Records drawn from a dataset
┌──
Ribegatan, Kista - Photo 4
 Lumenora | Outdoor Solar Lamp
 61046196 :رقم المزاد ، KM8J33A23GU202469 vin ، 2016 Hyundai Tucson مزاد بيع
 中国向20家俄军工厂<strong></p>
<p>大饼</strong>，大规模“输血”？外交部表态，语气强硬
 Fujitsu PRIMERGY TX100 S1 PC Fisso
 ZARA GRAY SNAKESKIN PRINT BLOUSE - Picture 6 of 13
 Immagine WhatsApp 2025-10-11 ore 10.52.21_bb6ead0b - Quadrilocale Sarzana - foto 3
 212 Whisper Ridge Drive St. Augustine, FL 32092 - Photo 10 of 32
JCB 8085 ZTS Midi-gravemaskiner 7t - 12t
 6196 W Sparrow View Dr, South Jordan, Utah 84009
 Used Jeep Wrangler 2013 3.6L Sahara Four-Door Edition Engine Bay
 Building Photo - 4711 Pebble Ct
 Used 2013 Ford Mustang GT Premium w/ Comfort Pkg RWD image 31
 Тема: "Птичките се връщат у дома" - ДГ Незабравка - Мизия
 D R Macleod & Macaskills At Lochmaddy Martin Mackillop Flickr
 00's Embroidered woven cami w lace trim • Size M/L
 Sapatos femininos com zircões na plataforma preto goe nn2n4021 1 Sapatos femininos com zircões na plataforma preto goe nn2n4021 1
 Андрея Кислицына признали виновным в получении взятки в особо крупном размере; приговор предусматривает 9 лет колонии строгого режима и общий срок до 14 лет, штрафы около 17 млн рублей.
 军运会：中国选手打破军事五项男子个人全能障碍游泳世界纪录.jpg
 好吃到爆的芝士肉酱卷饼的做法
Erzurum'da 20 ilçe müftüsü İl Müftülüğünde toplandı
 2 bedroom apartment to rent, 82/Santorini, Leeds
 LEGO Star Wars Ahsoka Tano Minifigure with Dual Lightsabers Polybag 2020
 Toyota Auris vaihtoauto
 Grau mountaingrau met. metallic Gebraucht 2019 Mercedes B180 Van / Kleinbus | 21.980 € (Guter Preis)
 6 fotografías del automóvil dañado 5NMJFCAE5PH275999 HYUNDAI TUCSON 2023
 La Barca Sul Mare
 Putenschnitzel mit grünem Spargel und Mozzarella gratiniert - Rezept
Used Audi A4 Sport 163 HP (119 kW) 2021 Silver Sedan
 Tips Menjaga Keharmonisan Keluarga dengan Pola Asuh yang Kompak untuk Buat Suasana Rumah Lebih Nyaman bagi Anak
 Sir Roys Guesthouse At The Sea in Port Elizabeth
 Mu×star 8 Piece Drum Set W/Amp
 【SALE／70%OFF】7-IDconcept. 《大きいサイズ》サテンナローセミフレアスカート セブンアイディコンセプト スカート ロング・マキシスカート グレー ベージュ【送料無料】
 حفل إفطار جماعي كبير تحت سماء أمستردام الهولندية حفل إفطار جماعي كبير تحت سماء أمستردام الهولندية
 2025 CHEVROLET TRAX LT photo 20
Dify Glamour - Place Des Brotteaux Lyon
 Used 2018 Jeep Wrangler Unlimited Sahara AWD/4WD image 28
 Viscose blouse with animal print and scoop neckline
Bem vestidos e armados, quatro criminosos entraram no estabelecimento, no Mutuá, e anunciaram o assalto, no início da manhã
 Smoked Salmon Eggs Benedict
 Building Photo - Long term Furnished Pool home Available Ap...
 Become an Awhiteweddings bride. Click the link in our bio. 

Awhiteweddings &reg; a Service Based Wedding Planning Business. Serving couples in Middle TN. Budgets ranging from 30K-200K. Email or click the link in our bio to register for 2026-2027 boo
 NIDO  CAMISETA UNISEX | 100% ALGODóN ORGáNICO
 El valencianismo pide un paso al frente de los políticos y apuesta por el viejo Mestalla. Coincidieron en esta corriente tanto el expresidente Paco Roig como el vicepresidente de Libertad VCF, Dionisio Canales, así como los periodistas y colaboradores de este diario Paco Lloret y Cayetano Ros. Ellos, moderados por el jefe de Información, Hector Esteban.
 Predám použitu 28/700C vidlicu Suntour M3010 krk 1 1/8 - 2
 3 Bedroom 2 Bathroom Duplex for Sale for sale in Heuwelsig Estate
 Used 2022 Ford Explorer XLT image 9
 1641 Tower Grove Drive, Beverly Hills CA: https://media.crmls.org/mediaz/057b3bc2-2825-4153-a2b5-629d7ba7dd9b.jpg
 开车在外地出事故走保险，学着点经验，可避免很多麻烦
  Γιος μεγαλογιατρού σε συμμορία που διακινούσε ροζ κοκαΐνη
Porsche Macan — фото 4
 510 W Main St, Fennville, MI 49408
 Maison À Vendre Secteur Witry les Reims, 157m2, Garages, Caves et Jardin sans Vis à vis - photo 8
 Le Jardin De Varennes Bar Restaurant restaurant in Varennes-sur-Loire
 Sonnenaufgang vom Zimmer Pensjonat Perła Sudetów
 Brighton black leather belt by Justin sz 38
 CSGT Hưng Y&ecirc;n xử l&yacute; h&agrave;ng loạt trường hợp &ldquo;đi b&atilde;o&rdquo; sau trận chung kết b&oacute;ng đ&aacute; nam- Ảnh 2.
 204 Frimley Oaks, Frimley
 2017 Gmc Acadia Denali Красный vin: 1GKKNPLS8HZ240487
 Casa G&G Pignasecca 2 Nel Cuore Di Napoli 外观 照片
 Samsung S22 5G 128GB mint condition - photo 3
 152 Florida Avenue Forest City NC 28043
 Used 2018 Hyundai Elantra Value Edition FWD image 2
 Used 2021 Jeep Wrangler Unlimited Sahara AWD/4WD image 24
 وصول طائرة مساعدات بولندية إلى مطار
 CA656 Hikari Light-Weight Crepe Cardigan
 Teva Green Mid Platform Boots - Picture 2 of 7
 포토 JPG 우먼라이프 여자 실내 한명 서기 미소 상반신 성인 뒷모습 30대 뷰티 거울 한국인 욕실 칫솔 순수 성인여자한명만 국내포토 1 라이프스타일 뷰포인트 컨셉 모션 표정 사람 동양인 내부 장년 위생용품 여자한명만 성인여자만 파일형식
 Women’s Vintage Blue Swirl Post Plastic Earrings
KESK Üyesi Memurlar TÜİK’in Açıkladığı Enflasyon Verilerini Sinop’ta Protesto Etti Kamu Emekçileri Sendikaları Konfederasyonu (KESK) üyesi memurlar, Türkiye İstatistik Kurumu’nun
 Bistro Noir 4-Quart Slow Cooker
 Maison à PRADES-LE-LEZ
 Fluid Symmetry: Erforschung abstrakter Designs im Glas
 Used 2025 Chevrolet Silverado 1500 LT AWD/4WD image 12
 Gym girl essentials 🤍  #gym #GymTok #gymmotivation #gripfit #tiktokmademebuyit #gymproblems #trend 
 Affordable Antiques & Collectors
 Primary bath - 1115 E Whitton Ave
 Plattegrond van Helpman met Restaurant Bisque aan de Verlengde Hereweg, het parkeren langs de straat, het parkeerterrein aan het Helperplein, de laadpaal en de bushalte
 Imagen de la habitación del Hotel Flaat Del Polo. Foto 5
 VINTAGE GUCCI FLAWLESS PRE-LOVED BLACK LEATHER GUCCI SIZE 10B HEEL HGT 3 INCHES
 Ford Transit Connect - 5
└──
What the task asks => The expected output is the lines from the one with "وصول طائرة مساعدات بولندية إلى مطار" through the end of the data, exactly as written and nothing more.

Answer for this exercise =>
 وصول طائرة مساعدات بولندية إلى مطار
 CA656 Hikari Light-Weight Crepe Cardigan
 Teva Green Mid Platform Boots - Picture 2 of 7
 포토 JPG 우먼라이프 여자 실내 한명 서기 미소 상반신 성인 뒷모습 30대 뷰티 거울 한국인 욕실 칫솔 순수 성인여자한명만 국내포토 1 라이프스타일 뷰포인트 컨셉 모션 표정 사람 동양인 내부 장년 위생용품 여자한명만 성인여자만 파일형식
 Women’s Vintage Blue Swirl Post Plastic Earrings
KESK Üyesi Memurlar TÜİK’in Açıkladığı Enflasyon Verilerini Sinop’ta Protesto Etti Kamu Emekçileri Sendikaları Konfederasyonu (KESK) üyesi memurlar, Türkiye İstatistik Kurumu’nun
 Bistro Noir 4-Quart Slow Cooker
 Maison à PRADES-LE-LEZ
 Fluid Symmetry: Erforschung abstrakter Designs im Glas
 Used 2025 Chevrolet Silverado 1500 LT AWD/4WD image 12
 Gym girl essentials 🤍  #gym #GymTok #gymmotivation #gripfit #tiktokmademebuyit #gymproblems #trend 
 Affordable Antiques & Collectors
 Primary bath - 1115 E Whitton Ave
 Plattegrond van Helpman met Restaurant Bisque aan de Verlengde Hereweg, het parkeren langs de straat, het parkeerterrein aan het Helperplein, de laadpaal en de bushalte
 Imagen de la habitación del Hotel Flaat Del Polo. Foto 5
 VINTAGE GUCCI FLAWLESS PRE-LOVED BLACK LEATHER GUCCI SIZE 10B HEEL HGT 3 INCHES
 Ford Transit Connect - 5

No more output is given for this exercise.